In this extensive inquiry into the sources of modern selfhood, Charles Taylor demonstrates just how rich and precious those resources are. The modern turn to subjectivity, with its attendant rejection of an objective order of reason, has led—it seems to many—to mere subjectivism at the mildest and to sheer nihilism at the worst. Many critics believe that the modern order has no moral backbone and has proved corrosive to all that might foster human good. Taylor rejects this view. He argues that, properly understood, our modern notion of the self provides a framework that more than compensates for the abandonment of substantive notions of rationality. The major insight of Sources of the Self is that modern subjectivity, in all its epistemological, aesthetic, and political ramifications, has its roots in ideas of human good. After first arguing that contemporary philosophers have ignored how self and good connect, the author defines the modern identity by describing its genesis.

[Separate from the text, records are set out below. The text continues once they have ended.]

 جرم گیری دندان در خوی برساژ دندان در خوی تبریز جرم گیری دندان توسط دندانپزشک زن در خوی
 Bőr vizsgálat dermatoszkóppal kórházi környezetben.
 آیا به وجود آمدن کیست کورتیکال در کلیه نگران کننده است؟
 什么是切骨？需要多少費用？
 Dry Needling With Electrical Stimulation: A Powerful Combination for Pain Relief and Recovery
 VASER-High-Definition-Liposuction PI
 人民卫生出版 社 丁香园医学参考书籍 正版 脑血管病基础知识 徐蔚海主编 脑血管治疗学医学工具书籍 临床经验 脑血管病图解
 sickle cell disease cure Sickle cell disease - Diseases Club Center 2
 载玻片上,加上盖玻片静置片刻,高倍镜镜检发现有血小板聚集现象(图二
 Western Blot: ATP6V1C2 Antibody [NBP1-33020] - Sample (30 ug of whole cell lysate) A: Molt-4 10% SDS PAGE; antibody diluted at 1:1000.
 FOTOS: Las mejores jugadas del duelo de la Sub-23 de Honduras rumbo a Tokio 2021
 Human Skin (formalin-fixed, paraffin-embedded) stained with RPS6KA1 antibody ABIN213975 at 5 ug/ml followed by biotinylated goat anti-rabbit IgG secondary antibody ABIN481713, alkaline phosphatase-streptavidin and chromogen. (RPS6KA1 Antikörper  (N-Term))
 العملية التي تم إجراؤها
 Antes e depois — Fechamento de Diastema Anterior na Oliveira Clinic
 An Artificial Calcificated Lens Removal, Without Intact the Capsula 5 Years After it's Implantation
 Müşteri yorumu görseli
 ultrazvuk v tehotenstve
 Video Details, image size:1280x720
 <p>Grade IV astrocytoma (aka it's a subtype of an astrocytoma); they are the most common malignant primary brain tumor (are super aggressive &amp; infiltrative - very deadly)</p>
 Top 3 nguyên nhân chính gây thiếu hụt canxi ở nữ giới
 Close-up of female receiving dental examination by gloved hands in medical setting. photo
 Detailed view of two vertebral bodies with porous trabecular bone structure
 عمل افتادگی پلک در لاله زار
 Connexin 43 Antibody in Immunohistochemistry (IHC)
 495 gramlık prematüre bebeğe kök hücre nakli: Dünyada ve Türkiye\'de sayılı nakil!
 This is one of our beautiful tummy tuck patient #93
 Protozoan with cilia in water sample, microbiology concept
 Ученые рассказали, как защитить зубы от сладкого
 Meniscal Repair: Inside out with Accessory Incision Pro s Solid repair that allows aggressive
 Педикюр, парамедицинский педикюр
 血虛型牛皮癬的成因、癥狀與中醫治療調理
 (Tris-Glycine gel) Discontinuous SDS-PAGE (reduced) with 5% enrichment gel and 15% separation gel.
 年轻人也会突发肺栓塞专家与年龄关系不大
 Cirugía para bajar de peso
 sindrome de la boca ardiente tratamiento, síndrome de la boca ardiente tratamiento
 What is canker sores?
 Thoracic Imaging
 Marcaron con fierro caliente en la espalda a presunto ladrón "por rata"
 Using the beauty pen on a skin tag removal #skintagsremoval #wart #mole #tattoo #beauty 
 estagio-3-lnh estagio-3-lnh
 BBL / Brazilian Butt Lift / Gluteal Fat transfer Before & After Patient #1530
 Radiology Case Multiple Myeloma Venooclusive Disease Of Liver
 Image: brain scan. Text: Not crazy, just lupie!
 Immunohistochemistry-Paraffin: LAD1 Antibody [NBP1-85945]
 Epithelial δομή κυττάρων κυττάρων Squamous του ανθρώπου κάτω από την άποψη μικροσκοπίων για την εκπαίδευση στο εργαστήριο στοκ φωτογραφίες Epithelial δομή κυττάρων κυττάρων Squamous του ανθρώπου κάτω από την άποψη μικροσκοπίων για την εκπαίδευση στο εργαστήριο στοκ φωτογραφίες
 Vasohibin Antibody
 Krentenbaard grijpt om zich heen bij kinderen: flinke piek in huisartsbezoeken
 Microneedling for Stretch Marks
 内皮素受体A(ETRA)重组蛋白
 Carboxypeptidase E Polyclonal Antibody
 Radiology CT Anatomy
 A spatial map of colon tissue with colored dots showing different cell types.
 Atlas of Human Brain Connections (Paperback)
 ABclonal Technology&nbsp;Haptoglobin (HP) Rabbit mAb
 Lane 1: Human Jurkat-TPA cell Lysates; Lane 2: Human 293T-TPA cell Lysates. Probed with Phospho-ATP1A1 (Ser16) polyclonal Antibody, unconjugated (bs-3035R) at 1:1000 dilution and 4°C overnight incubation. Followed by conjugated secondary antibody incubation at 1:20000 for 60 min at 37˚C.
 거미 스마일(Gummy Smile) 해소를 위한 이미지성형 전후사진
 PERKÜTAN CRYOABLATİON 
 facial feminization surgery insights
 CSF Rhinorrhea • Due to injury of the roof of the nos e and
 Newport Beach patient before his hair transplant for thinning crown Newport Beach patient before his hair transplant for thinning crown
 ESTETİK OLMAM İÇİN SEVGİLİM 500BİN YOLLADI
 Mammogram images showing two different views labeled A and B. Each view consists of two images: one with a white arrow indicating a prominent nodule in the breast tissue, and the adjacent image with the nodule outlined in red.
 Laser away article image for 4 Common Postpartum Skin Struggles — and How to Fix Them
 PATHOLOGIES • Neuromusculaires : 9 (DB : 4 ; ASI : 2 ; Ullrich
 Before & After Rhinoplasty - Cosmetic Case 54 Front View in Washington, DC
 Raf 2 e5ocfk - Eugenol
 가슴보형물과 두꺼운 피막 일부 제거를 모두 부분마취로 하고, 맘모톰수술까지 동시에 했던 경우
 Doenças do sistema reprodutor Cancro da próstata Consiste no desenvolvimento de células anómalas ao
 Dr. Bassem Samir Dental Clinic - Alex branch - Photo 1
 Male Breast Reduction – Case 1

His effort to uncover and map our moral sources leads to novel interpretations of most of the figures and movements in the modern tradition. Taylor shows that the modern turn inward is not disastrous but is in fact the result of our long efforts to define and reach the good. At the heart of this definition he finds what he calls the affirmation of ordinary life, a value which has decisively if not completely replaced an older conception of reason as connected to a hierarchy based on birth and wealth. In telling the story of a revolution whose proponents have been Augustine, Montaigne, Luther, and a host of others, Taylor’s goal is in part to make sure we do not lose sight of their goal and endanger all that has been achieved. Sources of the Self provides a decisive defense of the modern order and a sharp rebuff to its critics.